Tuesday, June 23, 2009

More scriptural passages to live by

Folks sometimes ask me, “What are your favorite scriptural passages?” In a recent column I answered with Jewish, Christian and Muslim texts. Today we’ll look at three Asian treasures.

•“When men lack a sense of awe, there will be disaster” begins Chapter 72 of the Tao Te Ching in the Gia-Fu Feng/Jane English version of this ancient Taoist classic.

Some translations use the word “fear” instead of “awe,” but in either case the warning means that unless we are aware of what counts, we are in danger.

Our desacralized culture can easily distract us. There is nothing wrong with talking on a cell phone, but not while driving; you better pay attention to the road.

An economy leveraged by those more focused on their pay than on working for the common good leads to widespread hurt and failure.
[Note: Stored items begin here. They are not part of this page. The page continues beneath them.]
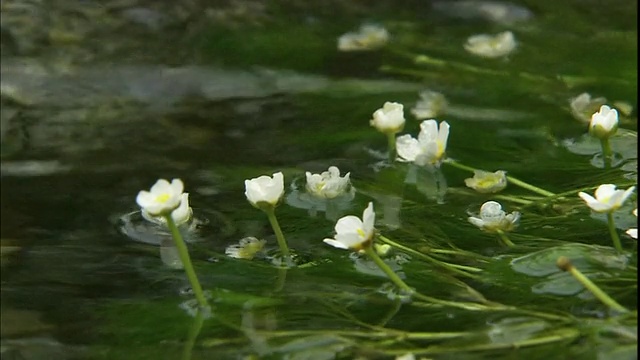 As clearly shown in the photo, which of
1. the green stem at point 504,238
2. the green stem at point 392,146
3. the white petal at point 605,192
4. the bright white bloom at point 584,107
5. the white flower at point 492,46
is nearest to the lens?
the white petal at point 605,192

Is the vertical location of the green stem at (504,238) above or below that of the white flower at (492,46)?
below

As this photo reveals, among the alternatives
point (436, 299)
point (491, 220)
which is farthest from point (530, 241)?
point (436, 299)

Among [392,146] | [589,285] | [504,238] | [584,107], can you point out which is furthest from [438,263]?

More generally, when our preoccupation with the partial overwhelms feeling the whole miracle of existence, the impulse weakens to share what we have with others, and we may do crazy things.

But with awe we can see that the universe is, in William Blake’s words, “infinite and holy.”

•The Heart Sutra may be the most commonly chanted Buddhist text. In English, it is less than 300 words long.

Halfway through is the astonishing claim that there is “no truth of suffering, of the cause of suffering, of the cessation of suffering nor of the path” — in effect denying the Four Noble Truths that the Buddha himself taught.

So here is a Buddhist text that seems to undermine the very foundation of Buddhism. I know of no parallel text in any other religion.

But Buddhism, at least in theory, is based on undermining itself. It is an ancient post-modernism, calling into question any description of reality, including its own, because humans crave descriptions of reality more than reality itself.

•The Hindu Bhagavad-Gita 2:47 teaches us to “act without attachment to the result,” advising us that our minds become polluted when we desire an end more than simply doing what is right.

Inaction is not an option. But only with a clear head can we discern our responsibility and act on it, as if it were a sacrament.

We cannot be sure of the ultimate result, only of the integrity of our act. The outcome is in God’s hands.

These scriptural passages urge me to pay attention to what counts, to regard any human system of thought or picture of reality with caution, and to do the right thing without worrying about the consequence.